К сожалению, времена нынче неподходящие для странников. То издатель подгоняет (рынок требует новинок), то читатели возмущаются (я пишу медленнее, чем они читают). Мир набирает скорость, а я спешить не люблю.
Я люблю — странствовать! Все равно, в пространстве или во времени, по городу или по тундре, от человека к книге или наоборот. След моей тропы — самый настоящий меандр: очередной поворот открывает неведомые горизонты, случайная встреча — новый круг знакомых, одна книга — дюжину других. Иногда приходится останавливаться — то паром подведет, то человек опоздает, а то нужной книги не окажется на месте и приходится заказывать ее в другой библиотеке, в другом городе. Никогда не надо переть напролом, спешить. Странствия учат терпению.

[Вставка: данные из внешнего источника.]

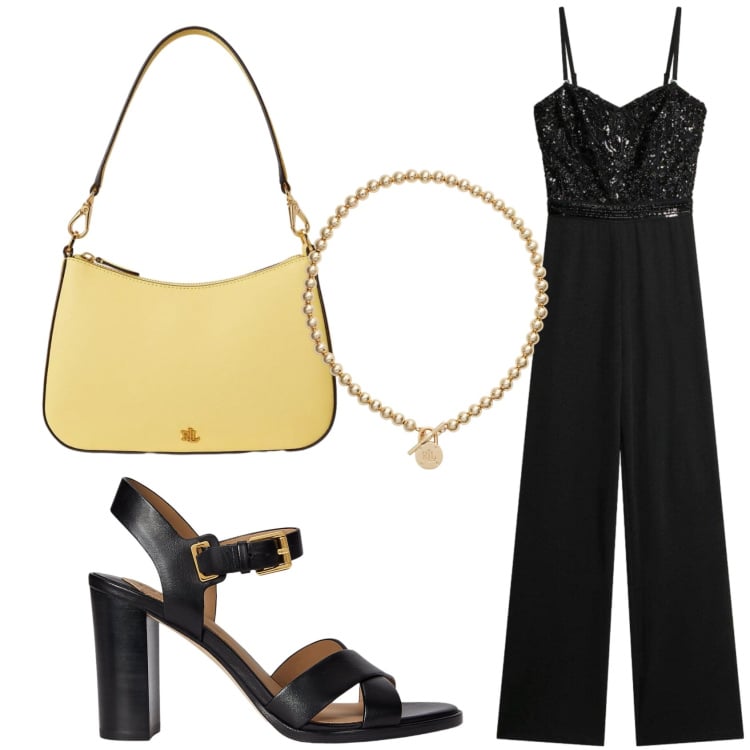 Outfit donna - Sere di Giugno in tuta. Stile Chic per Serata fuori. Abbinamento con tute, collane, sandali in pelle, borse a spalla.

Вот пример. В брошюре Иванова я натыкаюсь на повесть некоего Баландина об основании Петровской слободы и, словно почуявшая дичь охотничья собака, бросаюсь в биографический отдел. Там выясняется, что петрозаводчанин Тихон Васильевич Баландин был первым историком Карелии. О событиях прошлого он писал на основе рассказов свидетелей, товарищей отца, которых наслушался, сидя в детстве на завалинке… Спустя годы Павел Рыбников опубликовал его рукописи под названием «Петрозаводские северные вечерние беседы» в «Олонецких губернских ведомостях» по главам, а затем издал отдельной книгой. С течением времени, под пером очередных последователей, переходя из текста в текст, описанные Баландиным факты оказывались переиначены — мало кто знал первоисточник.
В отделе библиотечных фондов оказалось, что ближайшее место, где имеется Баландин, — Национальная российская библиотека им. Салтыкова-Щедрина в Санкт-Петербурге. Заказанный микрофильм придет через несколько недель. Вот тебе, бабушка, и Юрьев день, выругался я в душе, — жди теперь…

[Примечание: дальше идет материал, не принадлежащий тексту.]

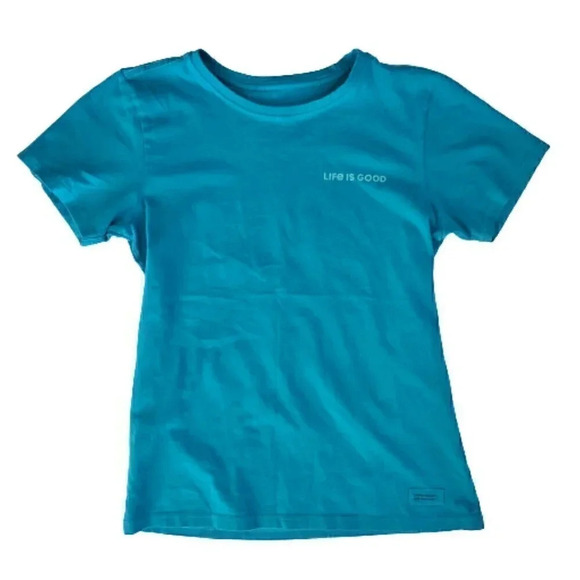 Women's LIFE IS GOOD XS Extra Small Teal Crusher Tee "Soak It In" Back‎ Graphic - Picture 1 of 7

Вернулся в абсиду. Метель за окном стихла, немного прояснилось. На моем месте сидела тоненькая блондинка, набожно изучая толстую старинную книгу. Языковые пуристы, наверное, меня упрекнут, что абсида есть только в церкви. Поэтому сразу поясню, предупреждая возможные упреки: для меня каждая библиотека — храм.
2 февраля
Мои скитания по Петрозаводску напоминают блуждания по местной библиотеке. На протяжении трех столетий город много раз менял облик… Улицы называются иначе, ведут в другие места, а то и вовсе — в никуда. Где были церкви — стоят театры и бары. Новые памятники заменили старую скульптуру. Исчез дом губернатора, поэта Державина, и лишь доска сообщает, где он находился. Немецкое кладбище заасфальтировали, на месте могилы инженера Гаскуани теперь — стоянка автомобилей. Даже река Лососинка течет по другому руслу! Достаточно сравнить старинные открытки с современными, чтобы понять: тот Петрозаводск и нынешняя столица Карелии — разные города. Кого ни спрошу о прошлом, каждый твердит свое. Причем так решительно, что невольно — веришь.

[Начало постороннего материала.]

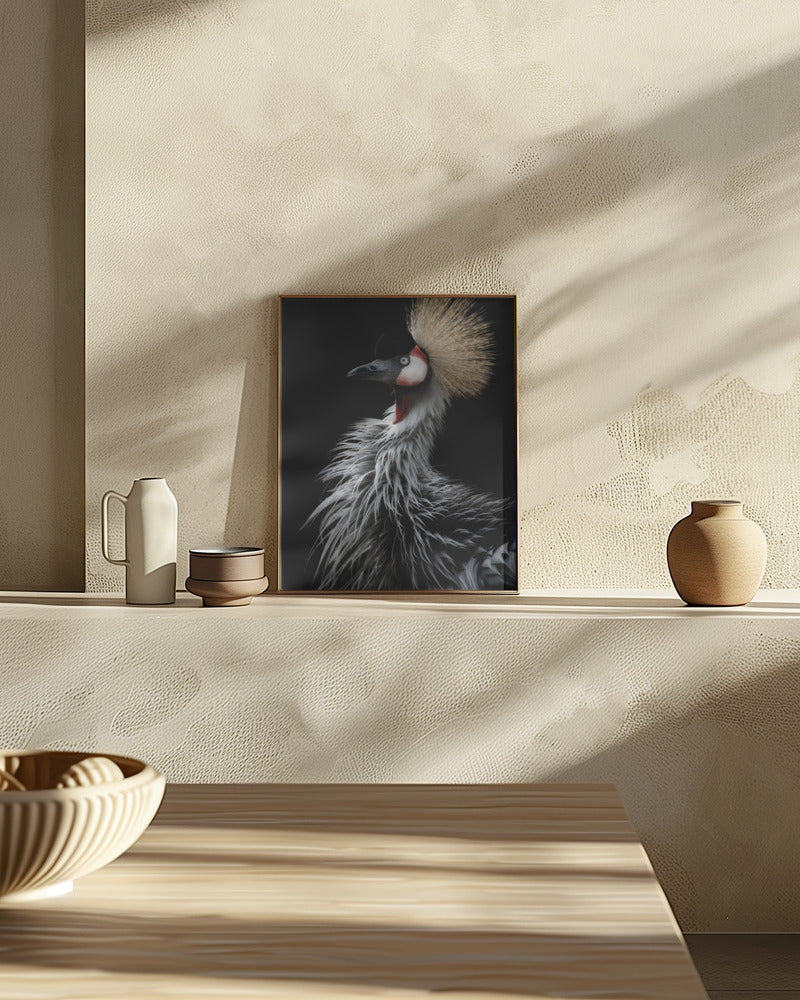 Crowned crane's portrait Poster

Чтобы сориентироваться самостоятельно, я заказал в библиотеке груду карт и изображений Петровской слободы — от топографических гравюр полковника артиллерии Витвера[42] (1720) и Тихона Баландина (1810) до карты археолога Андрея Спиридонова, который недавно производил раскопки в Парке культуры и отдыха первого поселения на Лососинке. Который день идет снег, словно в одноименном романе Орхана Памука. Грязное небо давит на головы прохожих, бредущих по тротуару — каше из снега, соли и песка поверх толстого ледяного панциря. От библиотеки до Парка культуры — два шага, достаточно пройти по улице Пушкина до проспекта Маркса, на углу бар «ХххХ», в котором можно неплохо «оторваться», дальше гостиница «Маски» на месте сожженного храма Вознесения Господня — вот и парк.
В парке пустынно. Ни души — одни охрипшие вороны. Трудно поверить — глядя на это запустение, — что отсюда начинался город. Где-то неподалеку находился двор Петра Великого, и император собственноручно высаживал вокруг березы согласно эстетическим принципам французских барочных садов XVII века[43]. По старым планам и гравюрам видно, что это был типичный для царя-кочевника «походный двор» — своего рода саамская вежа. Отсюда миниатюрность дворцово-паркового ансамбля — всего сто на двести метров — при сохранении всех традиционных элементов французского парка. Ось композиции, стержень пространства — широкая аллея, которая начиналась у зеркальца искусственного пруда перед центральным ризалитом двора в кульминационной точке парка и спускалась, согласно естественному ландшафту, к зеркальной перспективе Онежского озера.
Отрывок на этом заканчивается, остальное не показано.